Support user-provided query in SQL indexer
Let's say I run an indexer to read a really large table, with a billion records, out of which I'm interested in only a few thousands. This is a database I do not own, and I have only read permissions to it.
In this case it would be better to have a simple filter on which data to keep in the indexer throw away the irrelevant data.
For eg: "Index this table where TeamName equals MyTeam"
Even though the indexer runs on a large set of data, my index would only contain a smaller subset of data.
Smaller the index, faster the search results.
Hope my explanation was clear.
Ad mentioned below, please create a View in SQL and then leverage this in the Indexer.
Where condition to be added to the data source e.g. SQL. Dropdown with table columns and value field to retrieve only records matching the required value rather than the whole table
Allow Indexer Data Source to be a Table Valued Function or Stored Procedure, with a @highWaterMarkColumnName_value parameter.

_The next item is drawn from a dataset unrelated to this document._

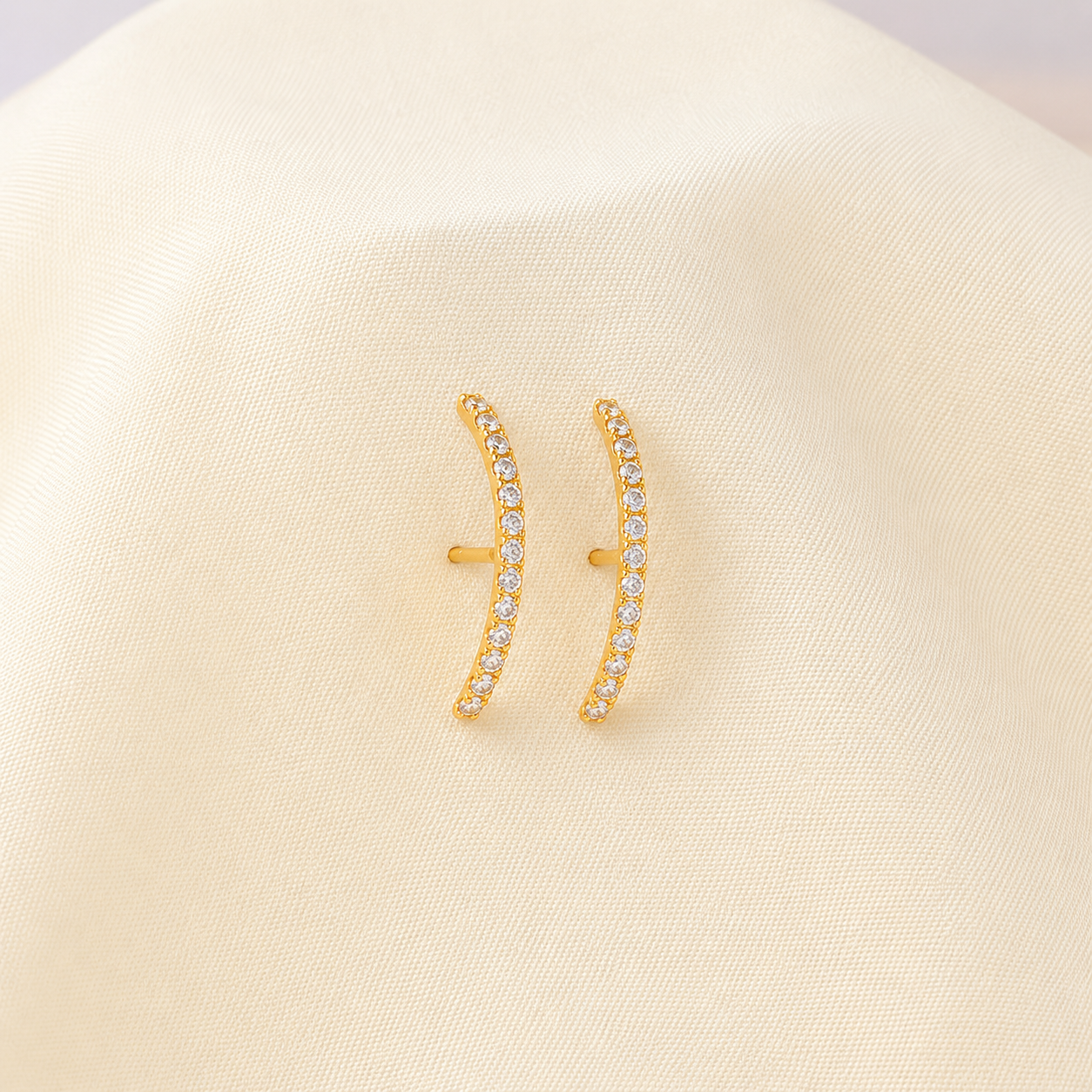 Gold earrings with small diamonds on a beige background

We currently have a view, used by Azure Search Service, that joins 6 tables, 3 of which have ~22 million rows and 1 of which has ~65 million rows.
When doing an index update request, Azure Search queries this view with a "Where > @highWaterMarkColumnName_value" clause.
Since this @highWaterMarkColumnName_value tracks changes made in the last 5 minutes or so, it will identify anywhere from a few hundred to a few thousand affected view rows.
But the current update query from Azure Search causes the Azure SQL DB will do a full table scan of each of the 6 underlying tables.
This forces it to processs more than 100 million records, from the underlying table, which takes anywhere from 3.5 to ~7 minutes on a P11 Azure SQL DB!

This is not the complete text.